Les premières émeraudes synthétiques furent produites en 1848, par le Français Jacques Joseph Ebelmen alors directeur de la Manufacture de Sèvres, en utilisant le procédé de dissolution anhydre : cristallisation à la pression normale d'une solution de silicates dissous par attaque basique et saturée par les éléments nécessaires à la constitution des émeraudes. Les cristaux obtenus par Ebelmen étaient petits ; l'amélioration du procédé au début du xxe siècle permit la synthèse de pierres de taille centimétrique, mais il fallut attendre le début des années 1950 pour que l'émeraude synthétique connaisse un réel essor industriel, grâce aux travaux de Caroll chathman, qui améliora la méthode d'Ebelmen à partir d'un sel alcalin fondu à sec. Au début des années 1960, la société leichleitner réussit à fabriquer des émeraudes par le procédé de cristallisation par dissolution hydrothermale, déjà utilisé pour le quartz et le rubis.

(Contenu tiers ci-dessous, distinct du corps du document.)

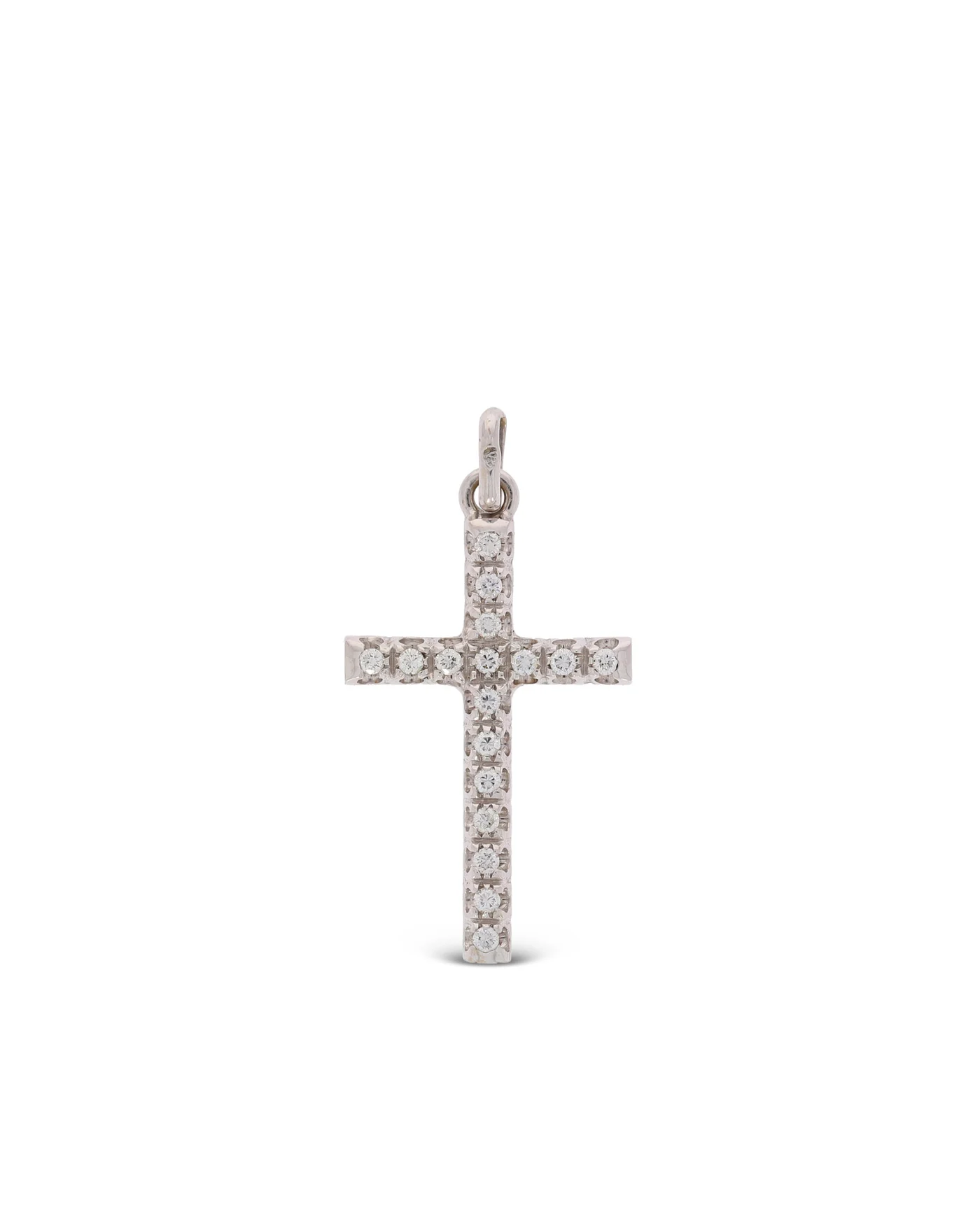 Kreuz-Anhänger - Weissgold mit Diamanten 0.17ct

Cette méthode consiste à enrober un noyau d'aigue-marine ou de béryl synthétique d'une solution hydrothermale, enrichie des éléments adéquats, qui cristallise l'émeraude.
Aujourd'hui, les émeraudes synthétiques sont issues de ces deux techniques, la fabrication par dissolution anhydre étant la plus utilisée. Elles trouvent une destination commerciale vers la joaillerie car elles présentent des défauts, un « jardin », comme les pierres naturelles ; elles se distinguent en cela des rubis et des saphirs synthétiques, dont la pureté les trahit et les destine plutôt à des usages industriels. Les émeraudes synthétiques se distinguent toutefois des pierres naturelles par une densité légèrement plus faible (de 2,65 à 2,71) et des indices de réfraction moindres.